In the oral cavity 100% of people diagnosed with TDO have taurodontism which is characterized by vertically enlarged pulp chambers at the expense of the roots of the teeth; the floor of the pulp chamber and furcation is moved apically down. This is due to the failure of the Hertwig epithelial root sheath which maps the shape of the forming tooth roots during active differentiation. Amelogenesis imperfecta, an abnormal formation of the enamel or external layer of the crown of the tooth, may also be present where the tooth enamel may be thin or absent. There are several clinical subsets of amelogenesis imperfecta, but common to TDO is the hypoplastic-hypomaturation subtype; the hypomaturation-hypoplastic is less common in individuals with TDO. The difference between the 2 dominant subtypes is the changes seen in the enamel matrix, and the phenotypic type that predominates.

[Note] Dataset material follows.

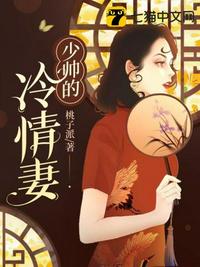 我的砍价女王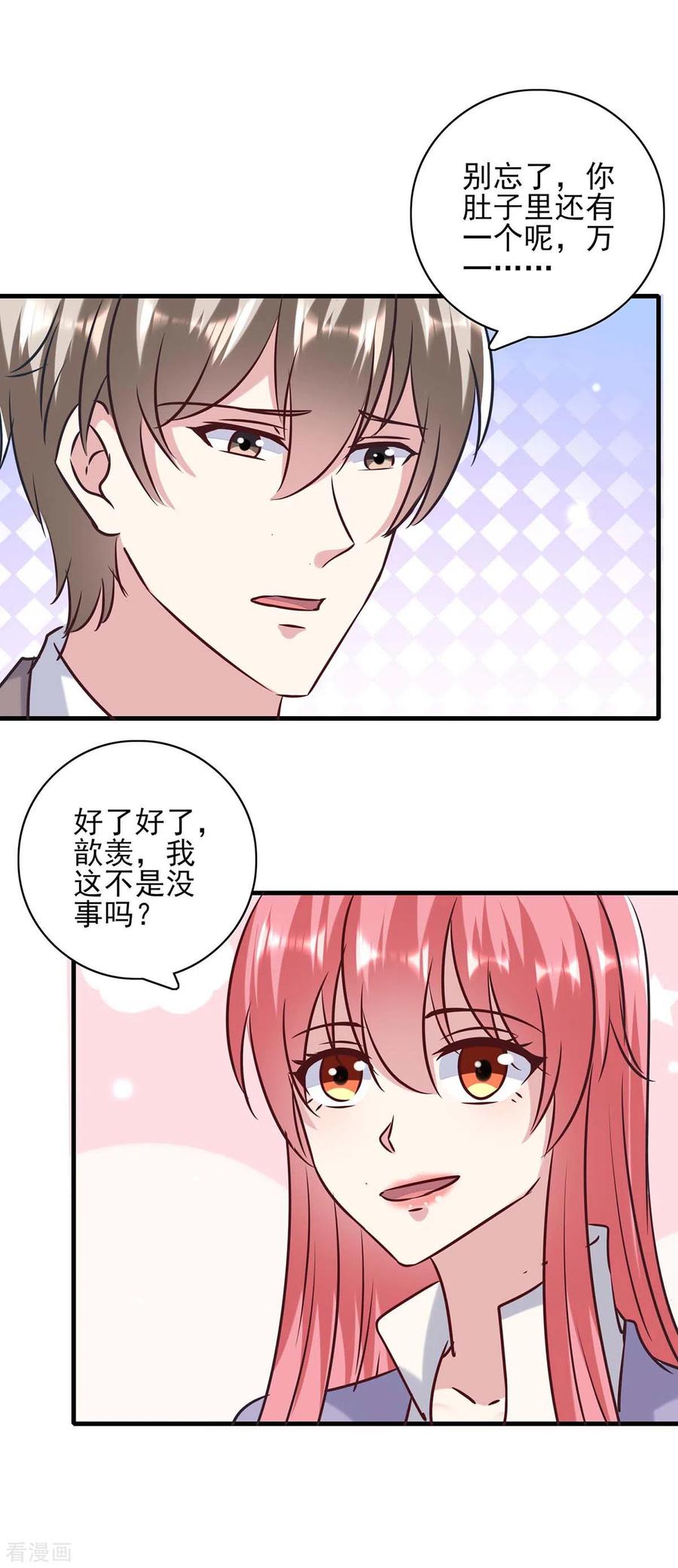 极品辣妈不好惹 第145话 凉夜小时候 第12页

The hypoplastic-hypomaturation type of amelogenesis imperfecta with TDO occurs where the tooth enamel depicts a generalized pitted pattern, with open contacts between the teeth as well as an open bite. A smaller number of cases are of the hypomaturation-hypoplastic case type, in which the enamel structure is softer due to the under maturation of ameloblasts during development. Mandibular prognathism also called a severe underbite, is also a prominent feature in TDO. Prognathism defects are diagnosed based the level of severity that this condition interferes with being able to chew or speak properly.

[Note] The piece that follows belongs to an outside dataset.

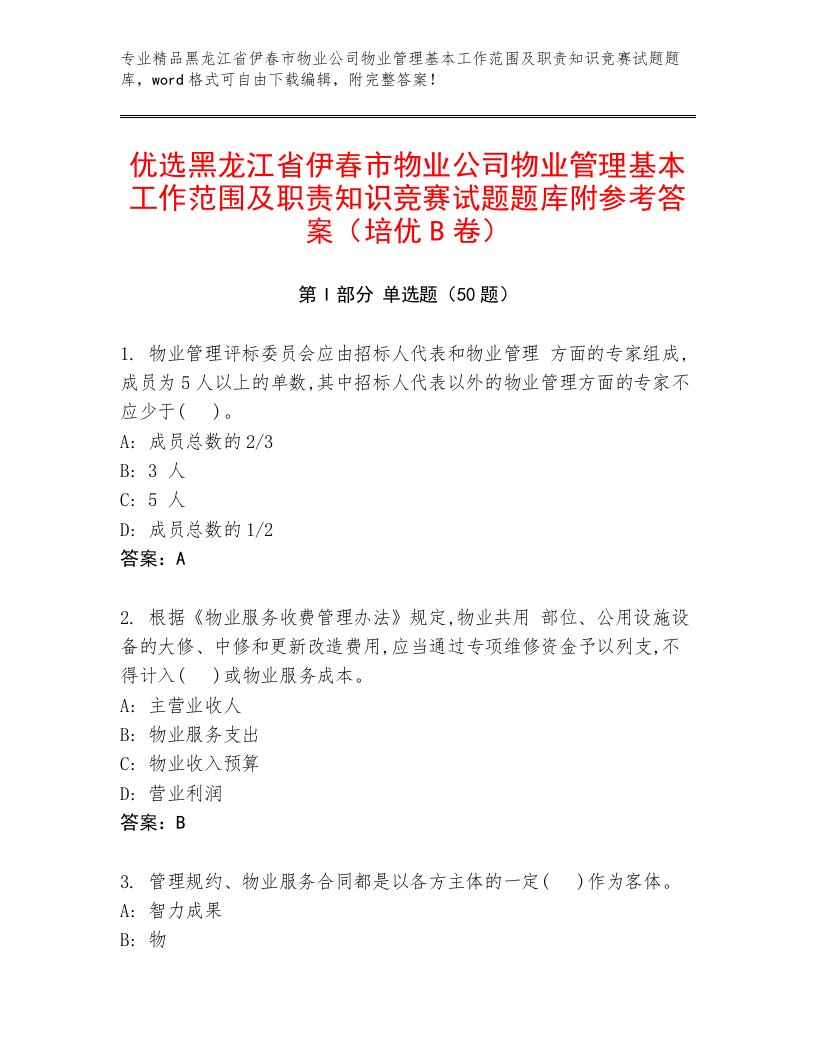 优选黑龙江省伊春市物业公司物业管理基本工作范围及职责知识竞赛试题题库附参考答案（培优B卷）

Due to improper tooth development, TDO patients have high rates of dental caries causing dental abscess. The under maturation of the enamel causes the tooth structure to be softer, and more susceptible to the effects of bruxism due to abnormalities in skeletal development. The oral abnormalities are evaluated by radiographs and visual examination. Oral radiographs are frequently repeated due to the high incidence of infection due to abnormal biting patterns seen in TDO cases.

== Cause ==

an autosomal dominant pattern.

TDO is caused by autosomal dominant mutations in the DLX gene family. Known mutations include a 4-basepair deletion in exon 3 of DLX3 on chromosome 17q21, causing a frameshift mutation.

== Pathogenesis ==
DLX3 plays numerous significant roles during osseous, connective tissue, and dermal cell differentiation. It is expressed in the placenta and is important for embryonic development of hard bone tissue in the teeth, skull, and long bones such as in the arms and legs. During normal tooth development, DLX3 is predominantly expressed in the inner tooth enamel epithelium. In TDO cases, DLX3 is expressed in the outer enamel epithelium and leads to the abnormally thin enamel observed in the disease, which leads to tooth attrition and is most often the cause of dental abscess seen in TDO persons.
DLX3 in TDO is also responsible for upper cranial thickness, calvaria, osteosclerosis of the long bones, long narrow head (dolichocephaly), abnormally thin brittle nails, and premature closing of fibrous joints. Consequently, 95% of people with TDO that are 16 years old or younger show skeletal abnormalities before full maturation takes place.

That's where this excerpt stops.